March 1, 2007

Using squidGuard for content filtering

Author: Keith Winston

Content filtering for the Web can be a messy proposition. A business may need to block only the most objectionable Web sites, while schools may be required by law to follow a more thorough process. Whatever your needs, you can build a solution with only open source pieces: squid, squidGuard, and blacklists.

The squid server acts as an intermediary between a Web browser and Web server. As a proxy, it receives a URL request from the browser, connects to the server on behalf of the browser, downloads content, then provides it to the browser. It also saves the content to disk so it can provide it more quickly to another browser if the same URL is requested in the near future. Generally, this leads to more efficient utilization of an Internet connection and faster response times for Web browsers.

A typical hardware setup uses physical two network cards on the proxy server. One connects to the internal network, where squid listens for incoming HTTP requests on the default port 3128. The other connects to the Internet, from which it downloads content.

Squid is available for most Linux distributions as a standard package. I was able to get squid running on Red Hat Linux with sane defaults by simply installing the RPM and setting a few options in the /etc/squid/squid.conf configuration file:

visible_hostname your-server-name
acl our_networks src 192.168.0.0/16
http_access allow our_networks
http_access deny all

The visible_hostname tells squid the name of the server. The acl is an access control list used in the http_access rule to allow internal clients to connect to squid. For security reasons, it is important to ensure that users outside your network can't use squid; this is achieved by adding a deny rule near the bottom of your configuration.

Tell the browsers

Most Web browsers behave a little differently when they know they are talking to a proxy server. In Firefox 2.0, you enter proxy settings under Tools -> Options (Firefox - Preferences on Mac) -> Advanced section -> Network tab, then click the Settings button under Connection.

Firefox proxy

Once the browser is configured, it should make requests and get responses from squid.

Another way to use squid is in transparent proxy mode. Transparent proxies are often used to force Web traffic through the proxy regardless of how each browser is configured. Doing so requires some network trickery to hijack outgoing HTTP requests and also requires additional tweaks to squid. You can read useful guides for configuring squid as a transparent proxy elsewhere.

Redirectors

With no additional configuration, squid faithfully fetches and returns each URL requested of it. To filter the content, squid has a feature called a redirector -- a separate program called by squid that examines the URL and tells squid to either proceed as usual or rewrite the URL so squid returns something else instead. Most often, redirectors rewrite banned URLs, returning the URL of a custom error page that explains why the requested URL was not honored.

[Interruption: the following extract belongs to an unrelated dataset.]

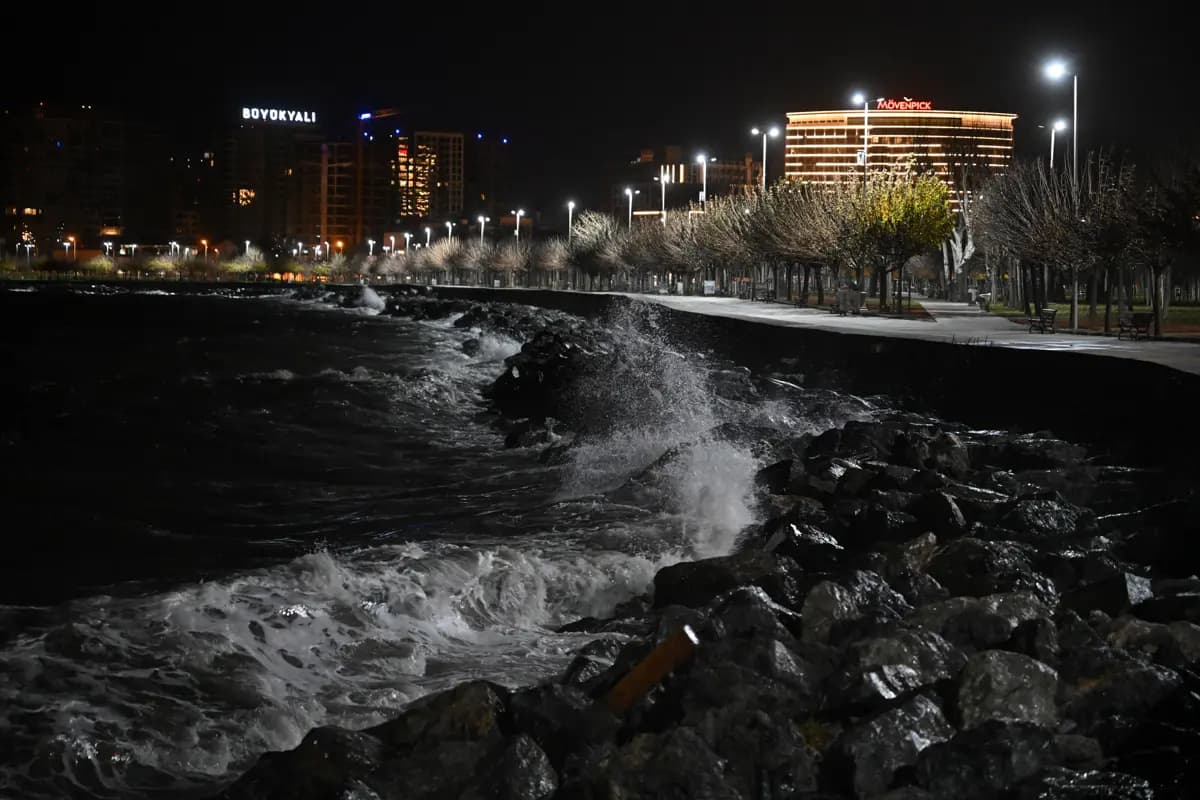 İstanbul'da deniz ulaşımına lodos engeli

Several third-party redirectors have been written, including squirm and squidGuard. Both squirm and squidGuard are C language programs that need to be compiled from source. Squirm operates using regular expression rules, while squidGuard uses a a database of domains and URLs to make decisions. I have not done any performance testing on redirectors, but squidGuard has a reputation for scaling well as the size of its blacklist increases. In my experience, squidGuard has performed well on networks with up to a thousand users.

Installing squidGuard 1.2.0

The squidGuard redirector is installed using the familiar "configure, make, make install" routine. One requirement that may not be installed on your system is the Berkeley DB library (now owned by Oracle), which squidGuard uses to store blacklist domains and URLs.

After running make install using the squidGuard source, I discovered that some directories were not created. I manually created the following directories:
/usr/local/squidGuard/ -- for configuration files
/usr/local/squidGuard/log/ -- for log files
/usr/local/squidGuard/db/ -- for blacklist files

Next, copy the sample configuration file to /usr/local/squidGuard/squidGuard.conf. We'll come back to the squidGuard configuration shortly.

To make squid aware of squidGuard, add these options to /etc/squid.conf:

redirect_program /usr/local/bin/squidGuard -c /usr/local/squidGuard/squidGuard.conf
redirect_children 8
redirector_bypass on

The redirect_program option points to the redirector binary and configuration file. The redirect_children option controls how many redirector processes to start. The redirector_bypass option tells squid to ignore the redirector if it becomes unavailable for some reason. If you do not set this option and squidGuard crashes or gets overloaded, squid will quit with a fatal error, perhaps ending all Web access.

Using a blacklist

To be effective as a filter, squidGuard needs a list of domains and URLs that should be blocked. Building and maintaining your own blacklist would require a huge investment in time. Fortunately, you can download a quality list and refresh it as it gets updated. One of the largest and most popular blacklists is maintained by Shalla Security Services.

The Shalla list contains more than one million entries categorized by subject, such as pornography, gambling, and warez. You can use all or any part of the list. The list is free for noncommercial use. For commercial use, a one-page agreement needs to be signed and returned to Shalla, but there is no cost to use the list unless it is embedded and resold in another product. Additional free and non-free blacklists are available, but the Shalla list is a good place to start.

To use it, download and unpack it in temporary directory. It will create a directory called BL with subject subdirectories below. Copy the directory tree below BL to the /usr/local/squidGuard/db/ directory. When you are done, the db directory should contain the subject subdirectories.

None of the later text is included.